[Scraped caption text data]
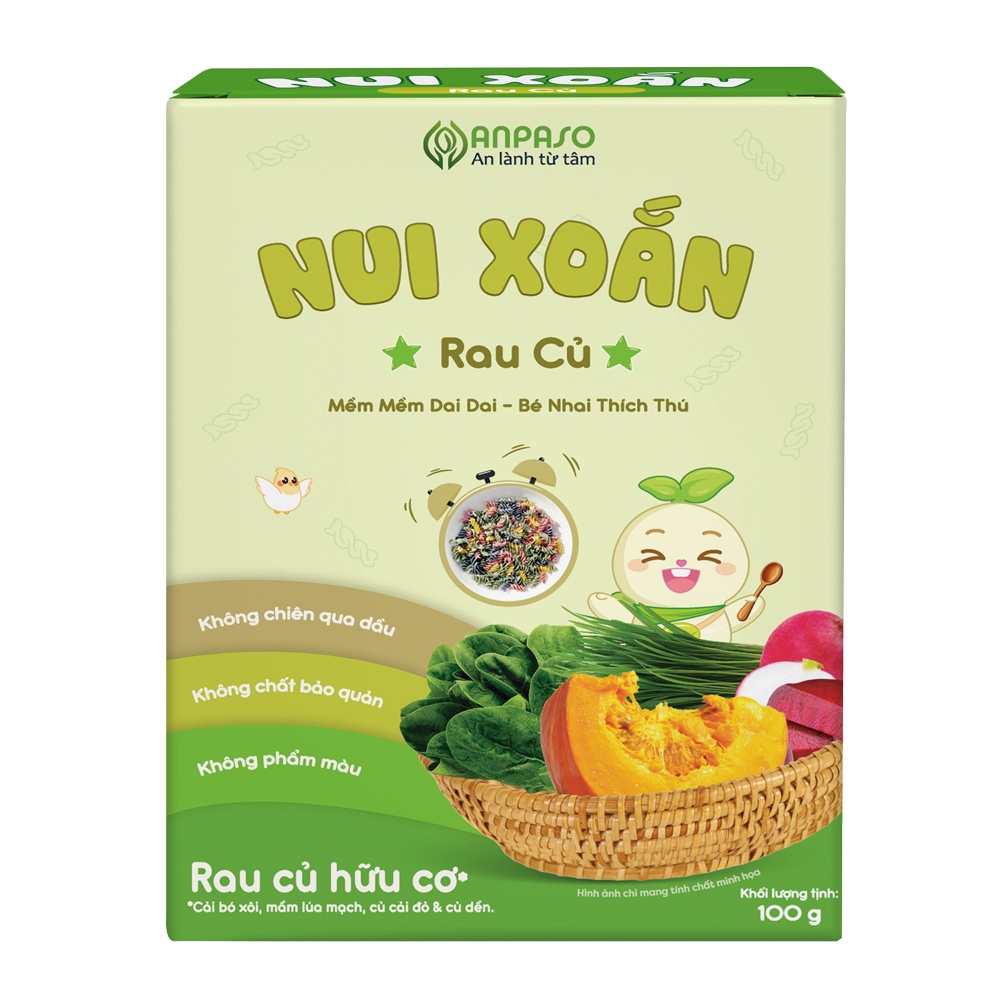 Nui xoắn rau củ Anpaso 100g cho bé 6M+ hình 1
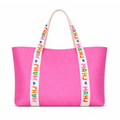 Mahjong Pink Leather Tote Bag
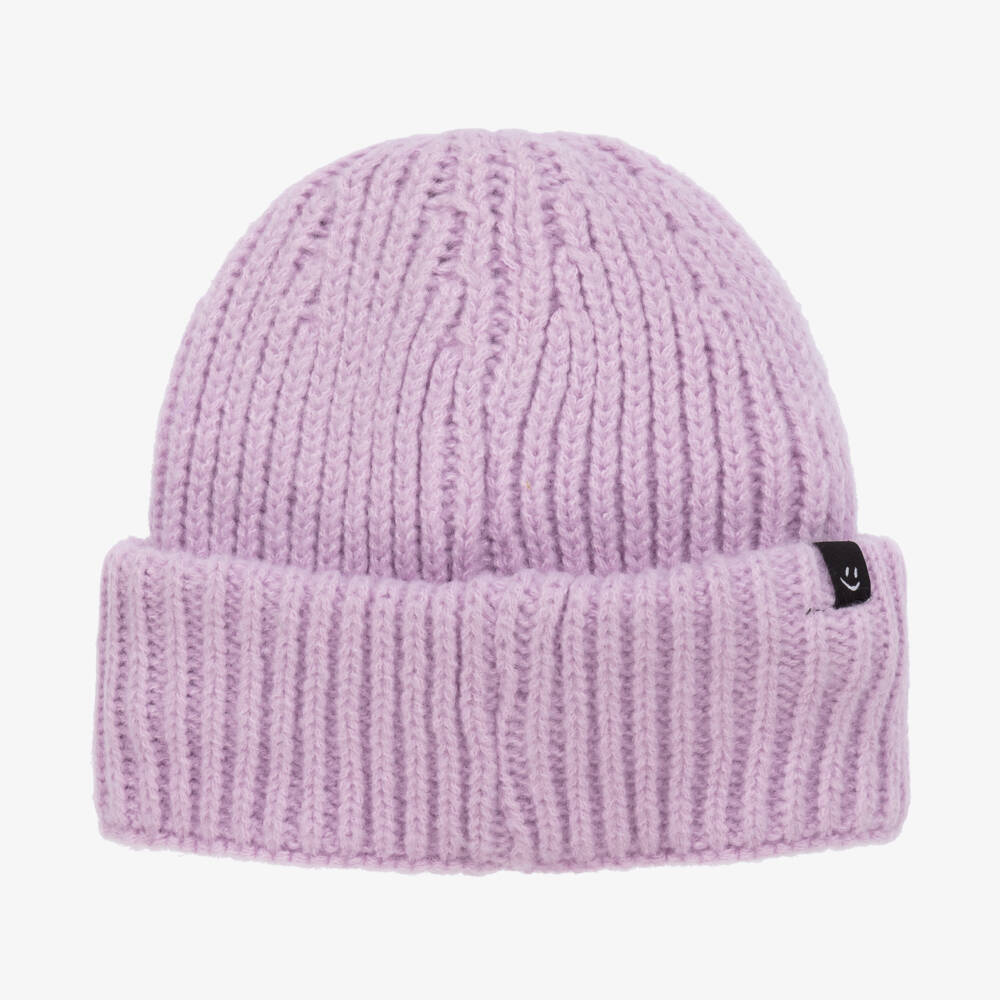 Molo-Girls Lilac Knit Smile Beanie | Childrensalon Outlet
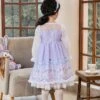 Cute Stardale Classic Lolita Ruffle Hem Princess Birthday Purple Bow Kids Long Sleeve Dress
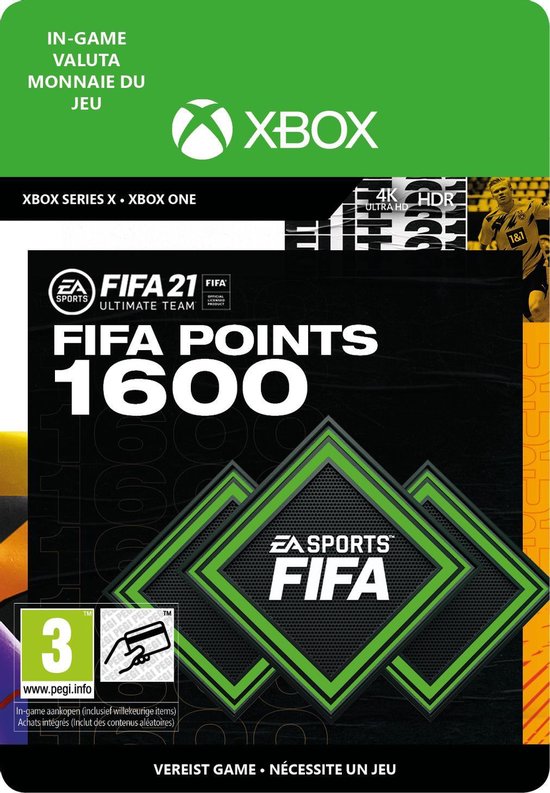 1.600 FUT Punten - FIFA 21 Ultimate Team - In-Game tegoed – Xbox One/Series Download - NL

== ACTIVITY ==
Give every entry above again, exactly, and keep all pictures out of it.

== TASK RESULT ==
 Nui xoắn rau củ Anpaso 100g cho bé 6M+ hình 1
 Mahjong Pink Leather Tote Bag
 Molo-Girls Lilac Knit Smile Beanie | Childrensalon Outlet
 Cute Stardale Classic Lolita Ruffle Hem Princess Birthday Purple Bow Kids Long Sleeve Dress
 1.600 FUT Punten - FIFA 21 Ultimate Team - In-Game tegoed – Xbox One/Series Download - NL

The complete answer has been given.